[WHAT TO PRODUCE]
Set down again exactly the lines of the listing below that fall between the line holding "A Milli Takım FIFA Sıralamasında Yükseldi!" and the line holding "[upl. by Kirtley]", inclusive.

[GIVEN ENTRIES]
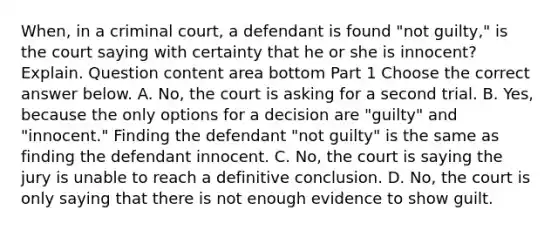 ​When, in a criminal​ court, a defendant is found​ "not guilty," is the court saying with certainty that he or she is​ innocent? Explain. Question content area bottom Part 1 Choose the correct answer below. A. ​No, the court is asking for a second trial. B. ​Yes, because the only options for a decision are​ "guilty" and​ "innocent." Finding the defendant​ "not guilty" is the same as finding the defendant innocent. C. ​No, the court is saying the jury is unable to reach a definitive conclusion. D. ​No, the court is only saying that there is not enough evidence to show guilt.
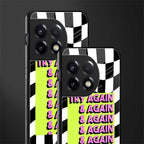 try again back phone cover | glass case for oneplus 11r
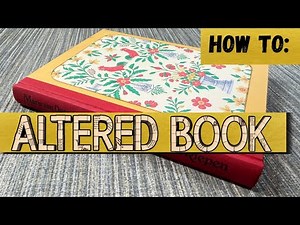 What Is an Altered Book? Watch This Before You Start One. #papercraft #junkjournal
---
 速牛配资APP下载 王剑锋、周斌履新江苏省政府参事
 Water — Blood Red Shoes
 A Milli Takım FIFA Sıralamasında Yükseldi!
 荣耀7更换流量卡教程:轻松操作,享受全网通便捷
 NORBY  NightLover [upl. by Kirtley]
---
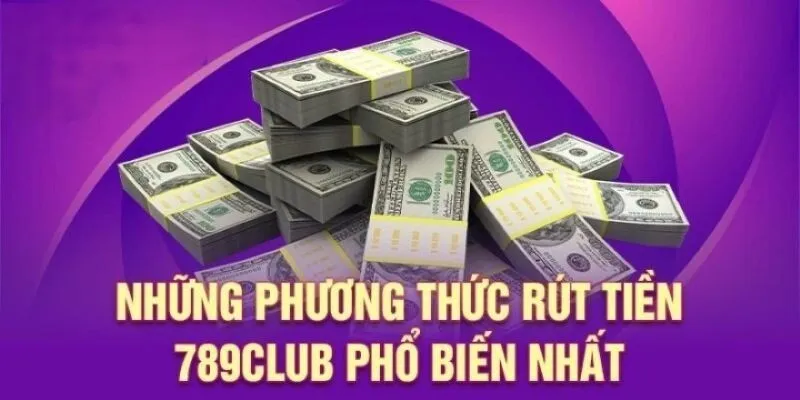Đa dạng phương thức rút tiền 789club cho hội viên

[REPLY TO THE TASK]
 A Milli Takım FIFA Sıralamasında Yükseldi!
 荣耀7更换流量卡教程:轻松操作,享受全网通便捷
 NORBY  NightLover [upl. by Kirtley]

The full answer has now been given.